Members of the Financial Accounting Standards Board voted Wednesday to give public companies another six months to implement the board's proposed standard for expensing employee stock options.

After weighing input from preparers who said that they needed more time to meet the demands of Sarbanes-Oxley, FASB agreed to delay by six months the effective date for public companies to implement the controversial proposal that would require companies to expense the value of the stock options that they grant to their employees.

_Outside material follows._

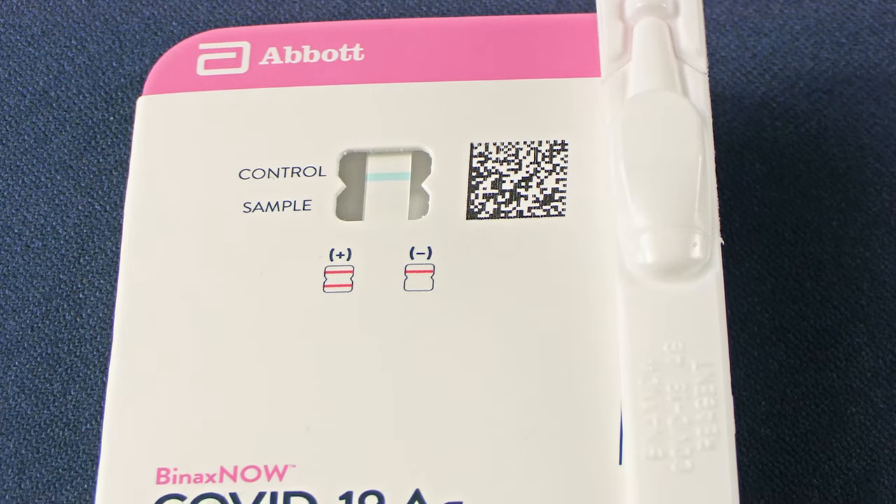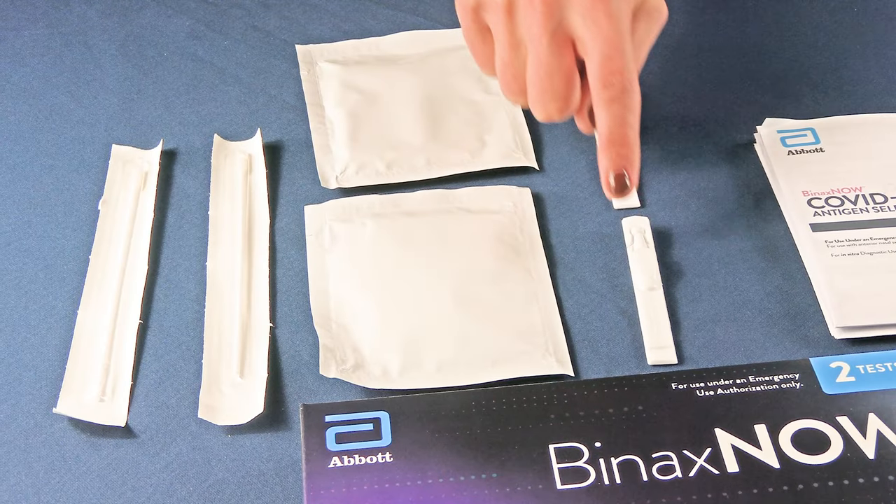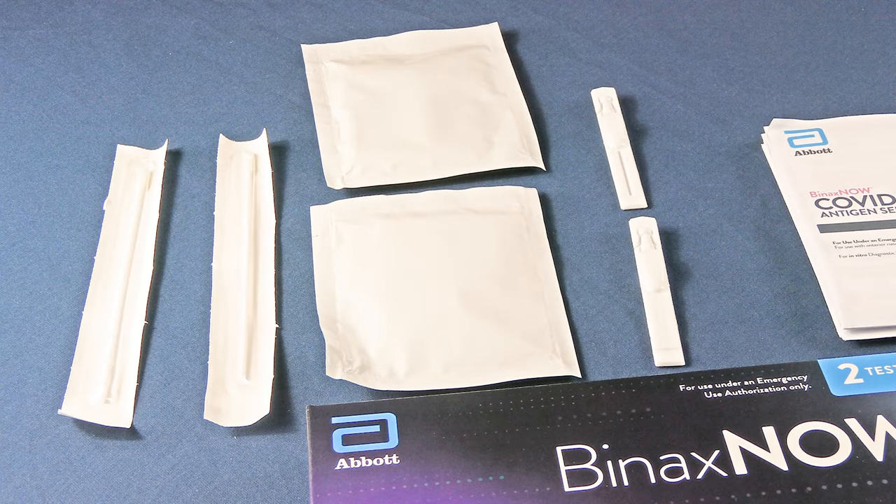The Binax Now kit comes with two test cards, two tubes of extraction reagent, and two nasal swabs. Do not open items until actual use and use on clean surfaces.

"What the board had to weigh up was the consideration of how the investor community was eager to have the effective date as soon as possible, whereas preparers felt they needed more time in order to implement any new standard," FASB spokesman Steven Getz told WebCPA. "What ended up influencing the decision, in part, was that the board felt that companies are feeling a lot of pressure to implement Sarbanes-Oxley 404 for the first quarter, combined with the fact that the board wanted to be sure to give companies sufficient time to absorb the new standard and to apply it appropriately. The board felt that delaying the effective date by six months is the best position to take."

Among those who have publicly expressed support for delaying implementation of the rule is Securities and Exchange Commission chief accountant Donald Nicolaisen, who noted that companies and auditors are busy putting in place new financial control systems to meet the SOX requirements.

The board's exposure draft, issued in March, proposed an effective date for public companies for fiscal periods beginning after Dec. 15, 2004. But at their meeting this week, accounting rule makers decided that the proposed rule should become effective for fiscal periods beginning after June 15, 2005. The effective date for non-public companies, proposed in the exposure draft to be a year after the date for public companies, remains to be determined, according to Getz, who said that the board will address that issue at a future meeting.

FASB also agreed to allow for modified retrospective application going back to the beginning of the fiscal year for companies that wish to implement the rule early.

Getz said that the board is still on track to issue its final statement by year's end. "It could be as early as the end of November or as late as the beginning of December," he said.